But Rashi tells us here, in the name of the midrash, that the lot was done with two hats, not one. One hat with the names of the tribes and one hat with the names of the inheritances. Why do we need the names of the tribes? Answer: to tell me that this is not a lottery of the first kind; it’s a lottery of the second kind. Like the Vilna Gaon lot. It’s a lot meant to say which inheritance the Holy One, blessed be He, wants to give to which tribe. It isn’t a fair division of the Land; it’s the correct division of the Land. And how does the Holy One, blessed be He, tell us that? By having each tribal leader draw a slip from the hat of the tribes, and the slip will always be his own. There’s no chance that this would happen—that all the leaders draw exactly their own slips—and that shows there is a divine hand here. And that shows that this lot truly was by divine inspiration, and one must not cast aspersions on the lots; the lots were according to God, and each tribe received its inheritance.
That’s why Rashi explains it this way. Rashi’s point is that the division of the Land was not meant to say the division was fair. It would have been fair with one hat too. Maybe even fairer with one hat. The division that happened here was not a fair division at all. Not at all. Because not every tribe had the same chance to receive every inheritance. It was clear in advance that each tribe would get a certain inheritance. Clear in advance to the Holy One, blessed be He. And this wasn’t really a lottery at all. It was just a way of communicating with the Holy One, blessed be He. Through what we call a lottery, the Holy One, blessed be He, tells us what He wants, when He doesn’t speak to us publicly. He speaks with prophets, but not with the people. So how does He speak with the people? Through a mechanism of lots. But there’s no lottery here. There’s no equal chance for everyone; the whole game is fixed in advance. Every inheritance is known in advance as to which tribe it will go to—known in advance to the Holy One, blessed be He. We don’t know. He conveys the information to us through a mechanism that apparently looks like a lottery. But it is not really a lottery in any way. There are no lotteries here at all. A lottery is when there is a veil of ignorance, when everyone has an equal chance. This is the exact opposite of a lottery. There is no veil of ignorance here. Each tribe will receive exactly the inheritance that belongs to it and that had its name registered on the deed. There are no lotteries here and no chance that anything else would come out. So when it’s called a lot, that’s just equivocation.

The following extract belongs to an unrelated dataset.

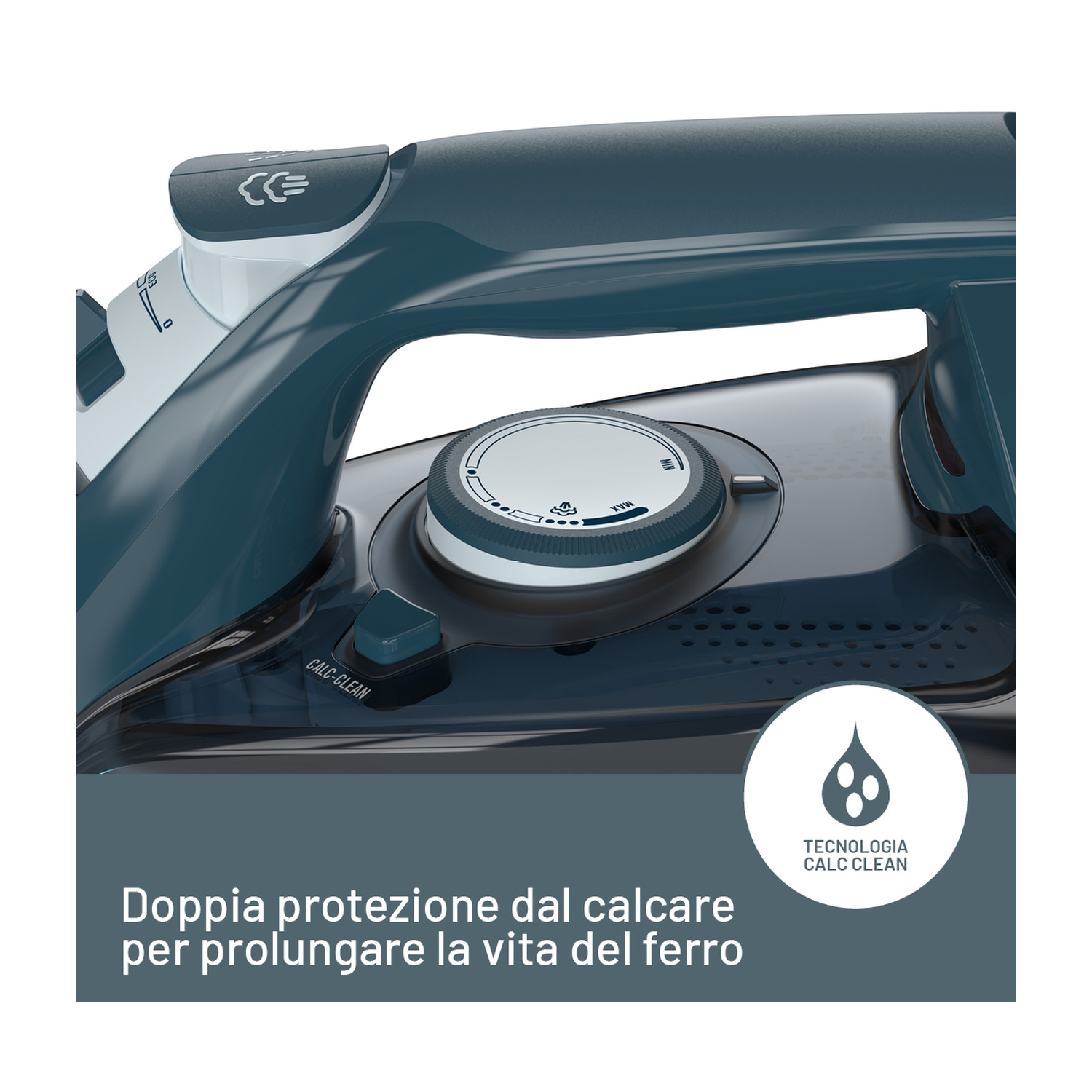Primo piano di un ferro da stiro blu scuro con selettore di temperatura, tasto calc-clean e icona goccia.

This may sound simple to you, but so many commentators get tangled up in this and confused by it that apparently it’s really not simple. This thing is not really what we call a lot in the ordinary sense. In the Torah, this is not what we call a lottery. That’s a mistake. What we call a lottery is giving everyone an equal chance. What the Torah calls a lot is the way the Holy One, blessed be He, speaks with us. That’s what is called a lot. He simply doesn’t speak to us directly; He speaks to us through the outcomes of actions that we perform. And there, of course, it has to be done in certain ways, with some tradition from the Vilna Gaon or something like that—if you accept it, it doesn’t matter right now. What does that tradition say? That if you do it in that way, it will be the hand of God. If you just flip a coin or roll a die, then it won’t be the hand of God; it will only be equal probability. And when you are looking for a correct answer, equal probability won’t help at all. You need the hand of God.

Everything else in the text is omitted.